%%

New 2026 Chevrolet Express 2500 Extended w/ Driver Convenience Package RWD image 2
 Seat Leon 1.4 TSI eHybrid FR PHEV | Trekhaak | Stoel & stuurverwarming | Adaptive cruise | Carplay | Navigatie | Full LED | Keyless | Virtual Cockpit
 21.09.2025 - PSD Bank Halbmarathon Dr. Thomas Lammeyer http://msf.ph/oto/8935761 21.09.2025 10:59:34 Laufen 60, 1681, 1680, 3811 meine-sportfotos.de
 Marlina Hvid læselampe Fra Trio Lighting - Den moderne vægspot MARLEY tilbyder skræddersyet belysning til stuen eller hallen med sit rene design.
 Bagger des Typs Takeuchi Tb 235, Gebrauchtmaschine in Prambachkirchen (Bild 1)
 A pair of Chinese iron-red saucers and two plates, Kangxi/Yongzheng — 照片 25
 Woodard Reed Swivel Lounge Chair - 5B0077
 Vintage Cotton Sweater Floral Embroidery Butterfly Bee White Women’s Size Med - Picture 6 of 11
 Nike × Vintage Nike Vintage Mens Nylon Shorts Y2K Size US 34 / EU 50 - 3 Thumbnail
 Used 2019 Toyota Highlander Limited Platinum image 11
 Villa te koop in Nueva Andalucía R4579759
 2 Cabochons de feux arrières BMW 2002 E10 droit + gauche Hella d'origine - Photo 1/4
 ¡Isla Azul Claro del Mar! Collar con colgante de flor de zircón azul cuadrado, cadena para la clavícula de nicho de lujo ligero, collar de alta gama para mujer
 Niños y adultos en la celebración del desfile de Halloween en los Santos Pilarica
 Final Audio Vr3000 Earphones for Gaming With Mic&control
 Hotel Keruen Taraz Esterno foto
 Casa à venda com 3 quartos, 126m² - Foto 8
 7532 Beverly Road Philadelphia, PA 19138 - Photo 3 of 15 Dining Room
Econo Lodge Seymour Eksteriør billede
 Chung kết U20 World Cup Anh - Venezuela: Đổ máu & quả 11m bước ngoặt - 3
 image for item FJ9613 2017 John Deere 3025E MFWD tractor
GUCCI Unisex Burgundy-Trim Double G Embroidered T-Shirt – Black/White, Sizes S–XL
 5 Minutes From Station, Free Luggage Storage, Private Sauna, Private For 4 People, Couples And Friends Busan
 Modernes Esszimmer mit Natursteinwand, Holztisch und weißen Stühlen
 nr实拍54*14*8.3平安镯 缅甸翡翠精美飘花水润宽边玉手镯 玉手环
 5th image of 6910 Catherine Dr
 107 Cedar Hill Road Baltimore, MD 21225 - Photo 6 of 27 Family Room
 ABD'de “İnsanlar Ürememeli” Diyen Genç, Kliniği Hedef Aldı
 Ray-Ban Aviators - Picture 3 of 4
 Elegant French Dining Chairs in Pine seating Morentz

%%

Exactly and without omission, set down every entry.

New 2026 Chevrolet Express 2500 Extended w/ Driver Convenience Package RWD image 2
 Seat Leon 1.4 TSI eHybrid FR PHEV | Trekhaak | Stoel & stuurverwarming | Adaptive cruise | Carplay | Navigatie | Full LED | Keyless | Virtual Cockpit
 21.09.2025 - PSD Bank Halbmarathon Dr. Thomas Lammeyer http://msf.ph/oto/8935761 21.09.2025 10:59:34 Laufen 60, 1681, 1680, 3811 meine-sportfotos.de
 Marlina Hvid læselampe Fra Trio Lighting - Den moderne vægspot MARLEY tilbyder skræddersyet belysning til stuen eller hallen med sit rene design.
 Bagger des Typs Takeuchi Tb 235, Gebrauchtmaschine in Prambachkirchen (Bild 1)
 A pair of Chinese iron-red saucers and two plates, Kangxi/Yongzheng — 照片 25
 Woodard Reed Swivel Lounge Chair - 5B0077
 Vintage Cotton Sweater Floral Embroidery Butterfly Bee White Women’s Size Med - Picture 6 of 11
 Nike × Vintage Nike Vintage Mens Nylon Shorts Y2K Size US 34 / EU 50 - 3 Thumbnail
 Used 2019 Toyota Highlander Limited Platinum image 11
 Villa te koop in Nueva Andalucía R4579759
 2 Cabochons de feux arrières BMW 2002 E10 droit + gauche Hella d'origine - Photo 1/4
 ¡Isla Azul Claro del Mar! Collar con colgante de flor de zircón azul cuadrado, cadena para la clavícula de nicho de lujo ligero, collar de alta gama para mujer
 Niños y adultos en la celebración del desfile de Halloween en los Santos Pilarica
 Final Audio Vr3000 Earphones for Gaming With Mic&control
 Hotel Keruen Taraz Esterno foto
 Casa à venda com 3 quartos, 126m² - Foto 8
 7532 Beverly Road Philadelphia, PA 19138 - Photo 3 of 15 Dining Room
Econo Lodge Seymour Eksteriør billede
 Chung kết U20 World Cup Anh - Venezuela: Đổ máu & quả 11m bước ngoặt - 3
 image for item FJ9613 2017 John Deere 3025E MFWD tractor
GUCCI Unisex Burgundy-Trim Double G Embroidered T-Shirt – Black/White, Sizes S–XL
 5 Minutes From Station, Free Luggage Storage, Private Sauna, Private For 4 People, Couples And Friends Busan
 Modernes Esszimmer mit Natursteinwand, Holztisch und weißen Stühlen
 nr实拍54*14*8.3平安镯 缅甸翡翠精美飘花水润宽边玉手镯 玉手环
 5th image of 6910 Catherine Dr
 107 Cedar Hill Road Baltimore, MD 21225 - Photo 6 of 27 Family Room
 ABD'de “İnsanlar Ürememeli” Diyen Genç, Kliniği Hedef Aldı
 Ray-Ban Aviators - Picture 3 of 4
 Elegant French Dining Chairs in Pine seating Morentz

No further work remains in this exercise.